La coscienza dell’eterno nulla nero, impalpabile, assente, senza sensi, che ci attende dopo la morte è la tortura più agghiacciante che ci appartiene.
Nulla in questo universo è permanente.
La “cosa vivente” più nefasta e nefanda sboccia ad inizio estate. Quelli che abbandonano gli animali.
Hai mai sentito dire a chiunque “io non sono sensibile”? Hai mai sentito dire ad un imbecille “io sono imbecille”?

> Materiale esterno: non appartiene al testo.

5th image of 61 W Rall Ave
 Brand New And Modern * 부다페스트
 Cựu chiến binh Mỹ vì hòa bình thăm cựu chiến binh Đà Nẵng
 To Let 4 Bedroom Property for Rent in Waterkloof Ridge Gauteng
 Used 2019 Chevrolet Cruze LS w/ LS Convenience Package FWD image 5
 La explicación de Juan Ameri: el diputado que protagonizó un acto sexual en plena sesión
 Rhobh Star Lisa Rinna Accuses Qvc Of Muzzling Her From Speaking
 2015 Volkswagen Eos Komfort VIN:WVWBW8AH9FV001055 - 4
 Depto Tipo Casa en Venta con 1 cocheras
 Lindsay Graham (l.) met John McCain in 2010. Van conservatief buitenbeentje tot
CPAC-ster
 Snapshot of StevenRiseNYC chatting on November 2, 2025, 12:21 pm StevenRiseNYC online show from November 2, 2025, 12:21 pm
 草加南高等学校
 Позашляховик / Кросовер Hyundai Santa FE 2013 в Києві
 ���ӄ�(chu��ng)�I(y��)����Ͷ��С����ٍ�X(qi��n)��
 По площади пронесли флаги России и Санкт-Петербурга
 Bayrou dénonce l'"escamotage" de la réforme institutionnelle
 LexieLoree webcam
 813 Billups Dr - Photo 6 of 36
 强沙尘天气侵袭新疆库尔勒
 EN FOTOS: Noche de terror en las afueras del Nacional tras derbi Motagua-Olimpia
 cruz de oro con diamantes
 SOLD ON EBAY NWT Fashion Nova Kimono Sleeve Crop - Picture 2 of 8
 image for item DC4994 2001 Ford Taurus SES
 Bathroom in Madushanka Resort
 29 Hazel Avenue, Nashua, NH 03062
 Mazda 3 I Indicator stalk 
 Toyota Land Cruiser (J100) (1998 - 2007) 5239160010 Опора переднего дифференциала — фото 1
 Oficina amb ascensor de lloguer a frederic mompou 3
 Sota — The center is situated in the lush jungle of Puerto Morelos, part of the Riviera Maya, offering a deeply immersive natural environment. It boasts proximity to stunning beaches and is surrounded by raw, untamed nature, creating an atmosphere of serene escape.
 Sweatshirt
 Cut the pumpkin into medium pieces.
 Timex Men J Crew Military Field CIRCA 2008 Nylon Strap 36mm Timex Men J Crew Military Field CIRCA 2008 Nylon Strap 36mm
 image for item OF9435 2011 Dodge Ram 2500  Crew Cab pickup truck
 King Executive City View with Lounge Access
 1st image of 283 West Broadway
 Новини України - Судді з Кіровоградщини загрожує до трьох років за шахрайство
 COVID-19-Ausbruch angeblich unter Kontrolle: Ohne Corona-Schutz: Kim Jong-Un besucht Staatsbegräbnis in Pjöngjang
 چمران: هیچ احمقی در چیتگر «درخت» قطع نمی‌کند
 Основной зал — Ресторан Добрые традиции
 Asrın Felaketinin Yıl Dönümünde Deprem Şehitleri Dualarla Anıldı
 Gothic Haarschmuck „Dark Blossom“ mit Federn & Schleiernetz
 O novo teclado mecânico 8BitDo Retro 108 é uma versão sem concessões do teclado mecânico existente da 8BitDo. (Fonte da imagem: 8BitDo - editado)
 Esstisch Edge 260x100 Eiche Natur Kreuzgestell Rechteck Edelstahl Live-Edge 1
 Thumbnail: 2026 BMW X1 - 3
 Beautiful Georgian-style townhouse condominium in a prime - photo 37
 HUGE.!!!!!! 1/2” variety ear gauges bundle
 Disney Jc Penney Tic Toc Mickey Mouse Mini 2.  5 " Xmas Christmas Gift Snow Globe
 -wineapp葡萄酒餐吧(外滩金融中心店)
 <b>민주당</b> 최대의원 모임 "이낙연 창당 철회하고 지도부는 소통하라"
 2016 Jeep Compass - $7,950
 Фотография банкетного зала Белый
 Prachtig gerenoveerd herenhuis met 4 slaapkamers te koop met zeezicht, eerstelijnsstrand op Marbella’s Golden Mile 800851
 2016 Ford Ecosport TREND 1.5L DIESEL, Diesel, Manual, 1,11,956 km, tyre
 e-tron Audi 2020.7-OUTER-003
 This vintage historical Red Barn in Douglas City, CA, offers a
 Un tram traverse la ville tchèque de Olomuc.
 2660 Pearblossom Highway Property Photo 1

In ognuno di noi alberga mister Hyde e dott Jekyll, il bene e il male. Sulla terra siamo governati dalla legge degli opposti: la vita e la morte, il giorno e la notte, il caldo e il freddo, il bello e il brutto… ecc. Ed è proprio questa legge che conferma la nostra precarietà nei limiti che comporta perché nel mezzo ci siamo noi. Dentro la legge degli opposti regna l’uomo con le sue contraddizioni e dicotomie.
L’Uomo se è tale, si differenzia dall’umano essere mortale.
Una mente sgombra, è una mente libera.